In practice, timelines don’t always match the rules. According to a physician survey by the American Medical Association, 31% of doctors reported waiting more than a week for an answer. The Mayo Clinic notes that processing can take anywhere from a few days to a few weeks, depending on how urgently the medication is needed, the complexity of the paperwork, and how quickly the insurance carrier completes its review.

The burden on medical practices is substantial. Physicians and their staff spend an average of 13 hours per week completing prior authorizations, handling roughly 39 requests per physician per week. That administrative load contributes directly to the delays patients experience. In the AMA’s 2024 survey, 93% of physicians reported that prior authorization causes care delays, and 82% said it sometimes leads patients to abandon treatment entirely.

What Happens If You’re Denied

A denial isn’t the end of the road. You have the right to appeal, and the process has two main stages.

The first is an internal appeal, where you ask your insurance company to reconsider its decision. Your denial notice will include instructions on how to file, including deadlines. You’ll need to submit a form or letter that includes your name, claim number, and health plan ID number, along with any supporting information. Your doctor can help by providing additional clinical documentation explaining why the medication is necessary. A family member or another person you trust can also file the appeal on your behalf.

Sometimes denials happen for simple reasons: missing paperwork, a coding error, or incomplete clinical notes. In those cases, your provider resubmitting the request with corrected information can resolve the issue without a formal appeal.

If your internal appeal is denied, you can request an external review. This is handled by an Independent Review Organization that has no ties to your insurance company.
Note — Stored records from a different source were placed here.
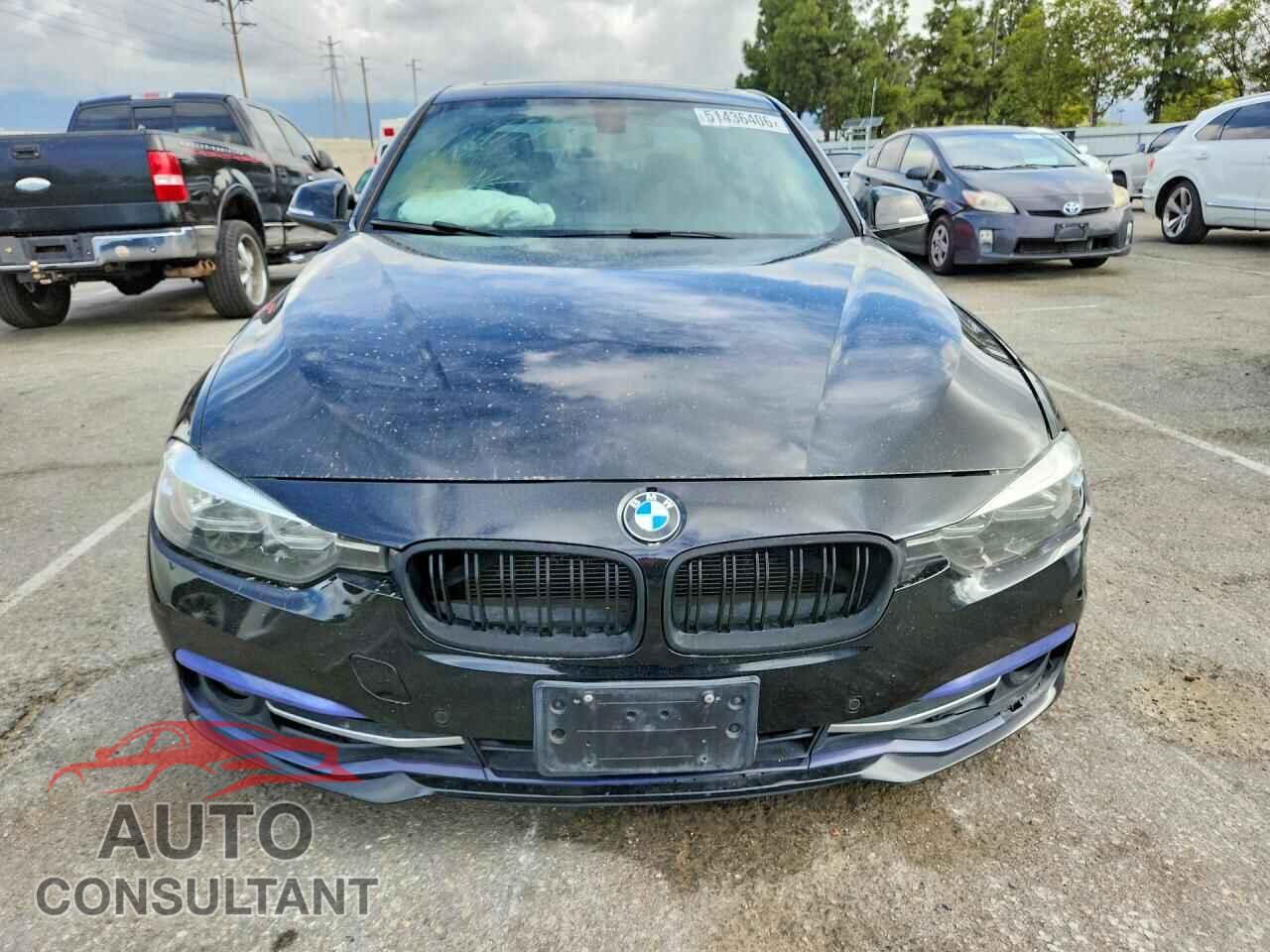 BMW 3 SERIES 2016 - WBA8E3G52GNU02443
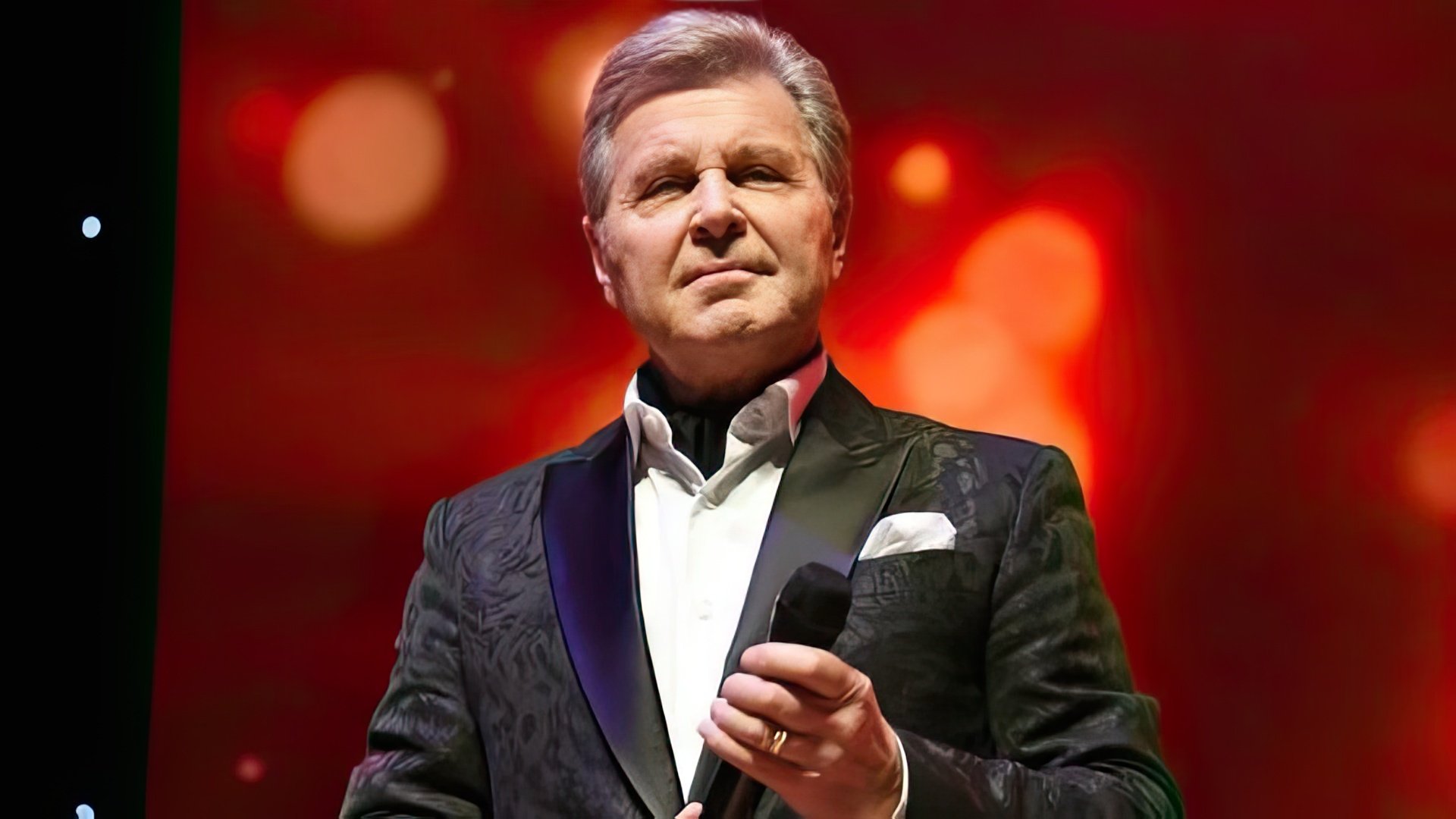 Лев Лещенко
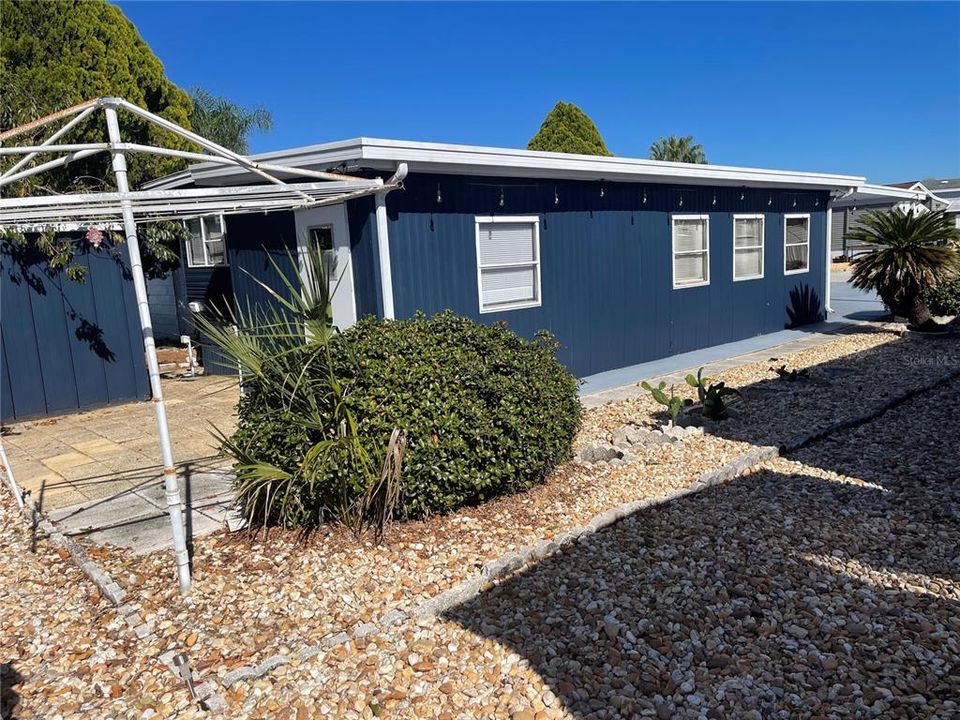 For Sale: $115,000 (1 beds, 1 baths, 824 Square Feet)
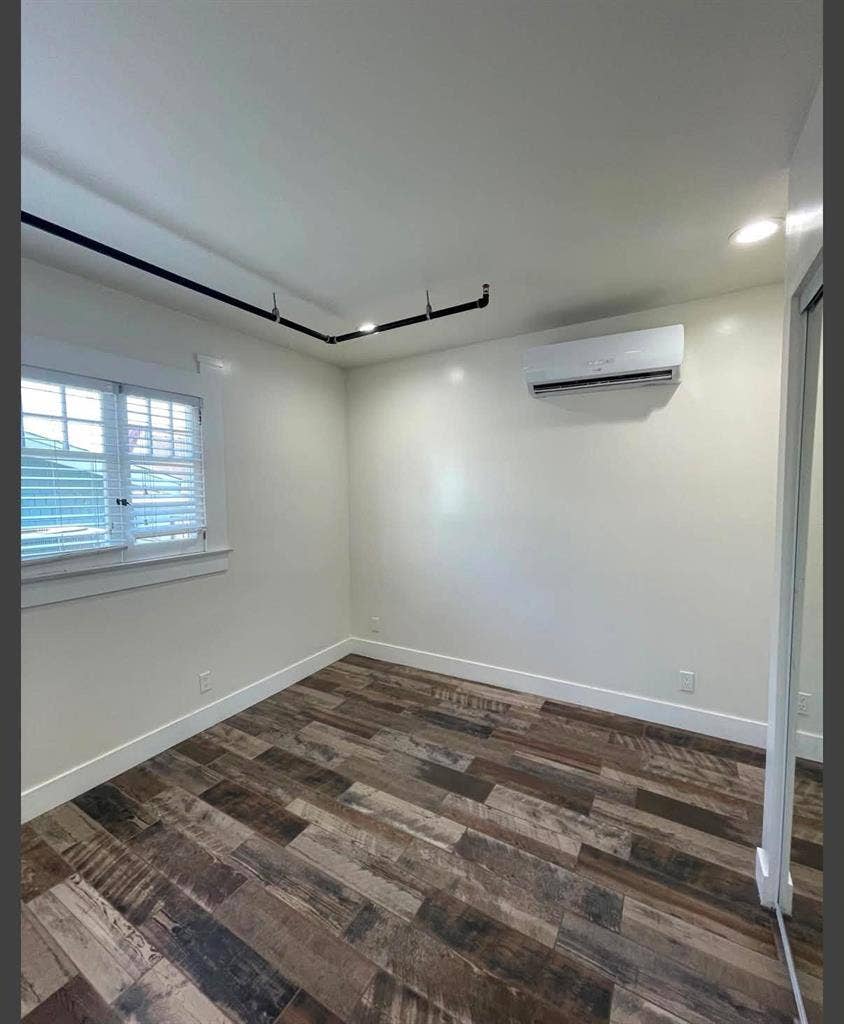 SUBLEASING ROOM - BY USC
The external reviewer examines your case and issues a binding decision. If the review goes in your favor, your insurer is required to cover the medication. The result is final for both you and the insurance plan.

What You Can Do to Speed Things Up

You have more control over this process than it might seem. Start by calling your insurance company before your appointment, or right after, to ask whether a prescribed medication requires prior authorization and what documentation the insurer will need. This gives your doctor’s office a head start on the paperwork.

Ask your doctor’s office for a timeline and a point of contact. Find out who on their staff handles prior authorizations and check in every few days if you haven’t heard back. Requests sometimes stall because an insurer asked for additional information and the fax or message got buried.

If you’re running out of your current medication while waiting for approval, ask your doctor about a short-term bridge prescription or samples to avoid a gap in treatment. Some pharmacies will also provide a limited emergency supply for maintenance medications, though policies vary.

Keep copies of everything: the denial letter, your appeal, any clinical notes your doctor provides. If you need to escalate to an external review, having organized records makes the process significantly smoother. Your state’s department of insurance can also help if you feel your insurer is not following required timelines or procedures.